Em linha contrária ao discurso de abertura comercial do ministro Paulo Guedes, o governo Jair Bolsonaro prorrogou sete medidas antidumping e aplicou três novas entre janeiro e julho deste ano, segundo dados do Ministério da Economia.

O dumping ocorre quando uma companhia exporta um produto por um preço abaixo daquele praticado no mercado de origem.

Embora a medida contra a prática seja um instrumento previsto pela OMC (Organização Mundial do Comércio), o dumping pode trazer aumento de poder de mercado e reduzir pressão competitiva na indústria do país importador.

As medidas de proteção do governo Bolsonaro, cuja duração é de cinco anos, atingem China, Alemanha, Coreia do Sul, Chile, Taiwan, Peru e Bahrein.

Entre os produtos que são alvo do dispositivo, estão plástico para embalagens, ventiladores, aço, pneus de automóveis e papel-cartão.

A medida mais antiga, entre as dez do atual governo, combate a importação de ventiladores chineses. Os produtos foram taxados pela primeira vez em 1994.

Desde então, o dispositivo de proteção foi prorrogado. Em dezembro de 2017, uma circular informou que o direito antidumping aplicado aos produtos chineses seria encerrado em julho do ano passado.

A revisão do direito, no entanto, foi prorrogada e, em 28 de junho deste ano, a proteção foi estendida até 2024, quando completará 30 anos.

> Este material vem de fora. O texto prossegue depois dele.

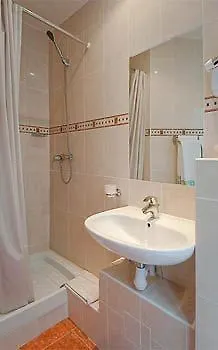 L'ouest Otel 3*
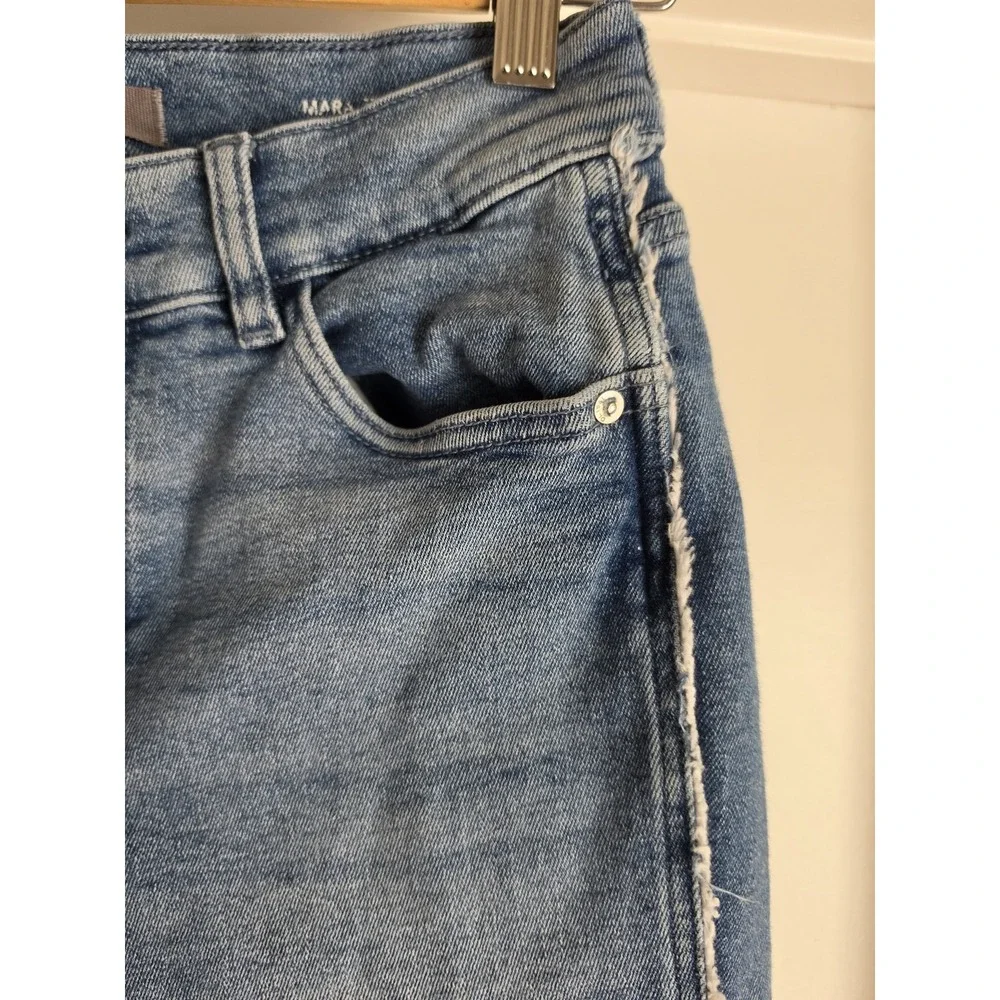 DL1961 Women Straight Jeans Size 26 Blue Casual Denim Pants Distressed Hems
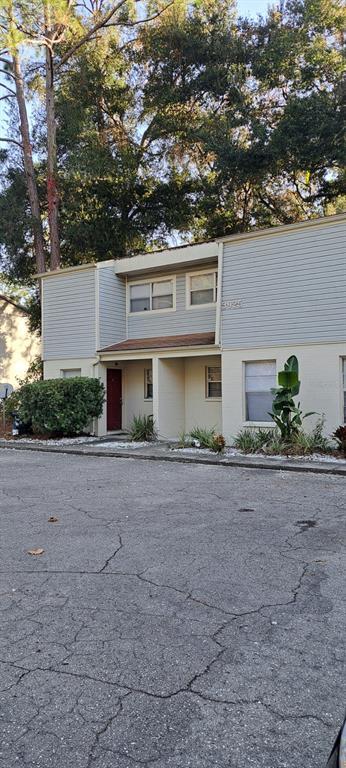 Building Photo - 3925 SW 26th Terrace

Na avaliação do professor de economia da FEA-USP (Faculdade de Economia, Administração e Contabilidade da Universidade de São Paulo) Fernando Botelho, o uso desse instrumento não pode ser prolongado porque prejudica o próprio país.

"Isso é um completo absurdo. Você está protegendo algum empresário e prejudicando milhares de pessoas."

"É um remédio que tem de ter uma eficácia muito rápida. Se você está sem competitividade no horizonte de 20 anos, é sinal de que não há vantagem competitiva no país."

Para Botelho, a prorrogação do dispositivo frustra as expectativas de que um governo liberal acabaria com o protecionismo brasileiro.

"Achei que seria um lado bom no governo Bolsonaro. Eu pensava: 'Pelo menos ele vai acabar com essa história dos empresários amigos'. Mas não, continua".

O Brasil atingiu seu ápice na aplicação de medidas antidumping no governo Dilma Rousseff (PT), quando, em 2013 e 2014, o país adotou o dispositivo 43 e 42 vezes, respectivamente.

No ano passado, a resolução foi usada 17 vezes.

O Ministério da Economia afirmou que as medidas de defesa comercial têm como único objetivo garantir condições justas de comércio entre as importações e produtos nacionais.

"Dada a delimitação de condições e requisitos específicos para a aplicação dessas medidas, seu uso tem como fundamento análises técnicas e objetivas e não devem ser interpretadas como instrumentos de fechamento ou de abertura comercial."

Para o chefe de Departamento de Economia da USP Ribeirão Preto, Sérgio Kannebley Junior, o que chama a atenção no uso das medidas pelo governo Bolsonaro é o motivo pelo qual elas são adotadas ou prorrogadas.

"A maior parte das justificativas está baseada no dano potencial à indústria brasileira. Então eles não suspendem a resolução pelo possível dano que a retirada dela poderia causar. Agora, é difícil você chegar a uma conclusão só pelo possível dano."

Kannebley Junior afirmou, porém, que esse recurso pode ter sido utilizado pelo governo como uma forma de se proteger em um período de economia fraca.

"O que eles podem estar pensando é que, em um momento de recessão, você pode ter mais chance de aplicação ou continuidade das medidas porque a economia está muito frágil."